# Trouble with Nvidia Support 64Bit Nvidia Geoforce GTX 750 TI



## Alita (Nov 17, 2019)

Hello Everybody.

Thank You all for letting me join this nice Community.

I need some assistance get me a working FreeBSD Desktop with Gnome or Xfce using (Nvidia Geoforce GTX 750 TI) on a 64bit AMD PC,

Since I do not have a CD/DVD Drive anymore I rely on using only a USB to install FreeBSD,. i also Run a Plex Server.

I have tried several Installs and each one failed installing Nvidia driver as a Pkg install using newer and old drivers.but I seem, to get an error about
Driver not being supported for 64 bit system,  so all i can do is get X running .

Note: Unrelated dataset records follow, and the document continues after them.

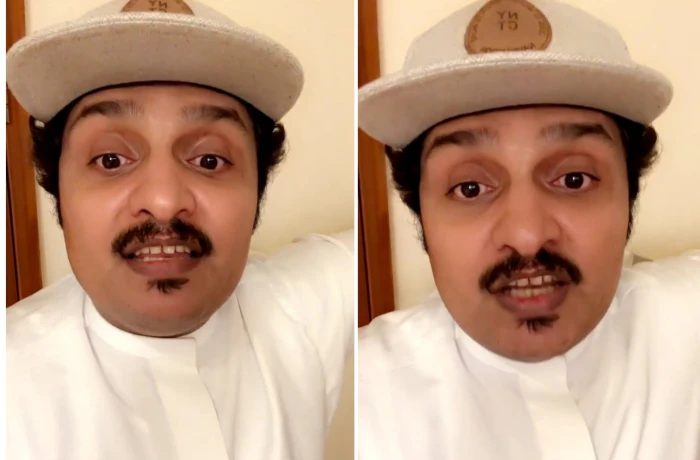 شاهد.. الصبحان يكشف توقعه لنتيجة مباراة "النصر والاتفاق" اليوم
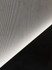 Настенная плитка Kendo Classic Loop Ductile 60x120 Living Ceramics матовая, рельефная (структурированная) керамическая LV10055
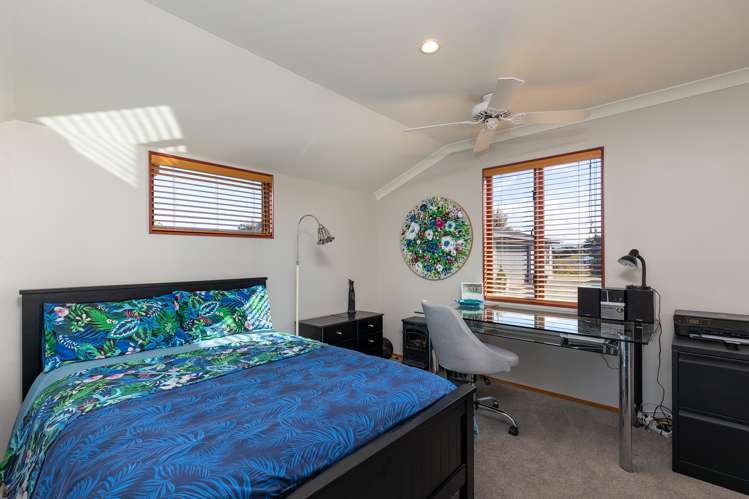 104 Dawson Road Upper Moutere_19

I do understand that in order to have a Desktop You need to, not only install the Desktop of choice but also Correct Video Driver as well.
and  To configure /etc/fstab as well as /etc/rc.conf and Xorg?  ( i hear they do not use Xorg anymore but i am not sure
I would imagine the only way to get Xorg is to install from ports? I looked for it but did not see it under /X11/

Thanks


----------



## SirDice (Nov 18, 2019)

Alita said:


> I have tried several Installs and each one failed installing Nvidia driver as a Pkg install using newer and old drivers.but I seem, to get an error about
> Driver not being supported for 64 bit system, so all i can do is get X running .


Post the output from `uname -a` please.


----------



## Alita (Nov 18, 2019)

Hello
I can not do so as I have windows installed at the moment


----------



## shkhln (Nov 18, 2019)

That's a pity.


----------